Comment la réalité tiendrait-elle devant de pareils sortilèges ? Les événements n’existant presque plus, il faut en décréter de toutes pièces, et dans le plus grand arbitraire. Le véritable style de l’époque se laisse très bien chiffrer à travers les pseudo-manifestations, par exemple, que planifient inlassablement les bons apôtres des Nations-Unies : "Journée internationale des enfants innocents victimes d’agressions". "Journée internationale de la paix". "Semaine de solidarité contre le racisme". "Décennie des transports en Afrique". "Deuxième décennie de l’eau potable". "Troisième décennie du développement".
Je n’invente rien. Je cite.
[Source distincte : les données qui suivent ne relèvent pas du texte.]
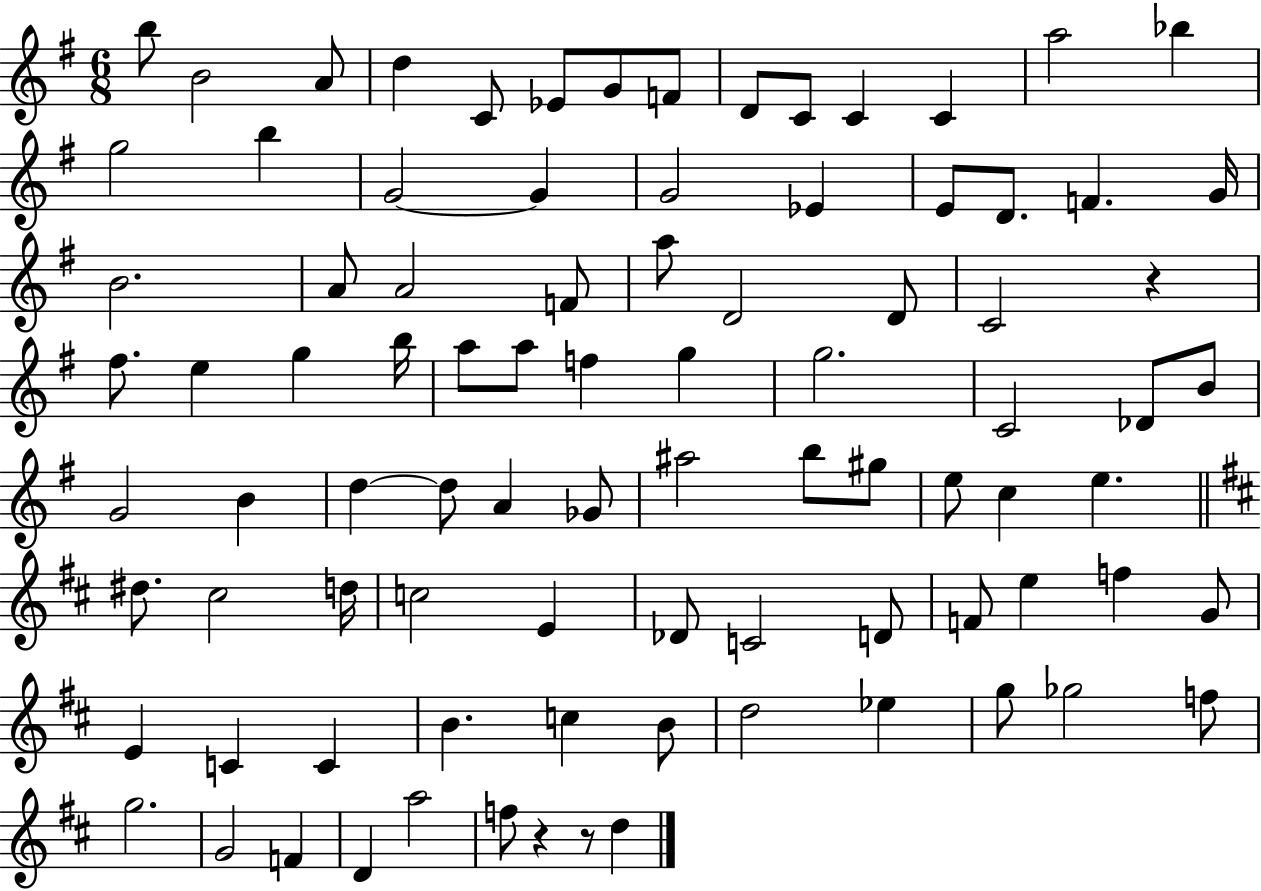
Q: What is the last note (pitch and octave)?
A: D5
C’est tout.
Que peut "La Nausée" en face d’un enfant qui meurt de faim ? demande le catéchisme sartrien. Rien, lui répond l’écho fidèle. Mais la Multilatérale Cordicole, elle, sait utiliser à tour de bras, et bien au-delà de toute nausée, les images des enfants morts de faim. La vie est courte, les affaires sont les affaires : aujourd’hui, pour faire gicler l’argent des coffres, il faut au moins, et en "prime time", soulever un linceul, de temps en temps, montrer aux téléspectateurs un bébé somalien, par exemple, qui vient de mourir de la famine. »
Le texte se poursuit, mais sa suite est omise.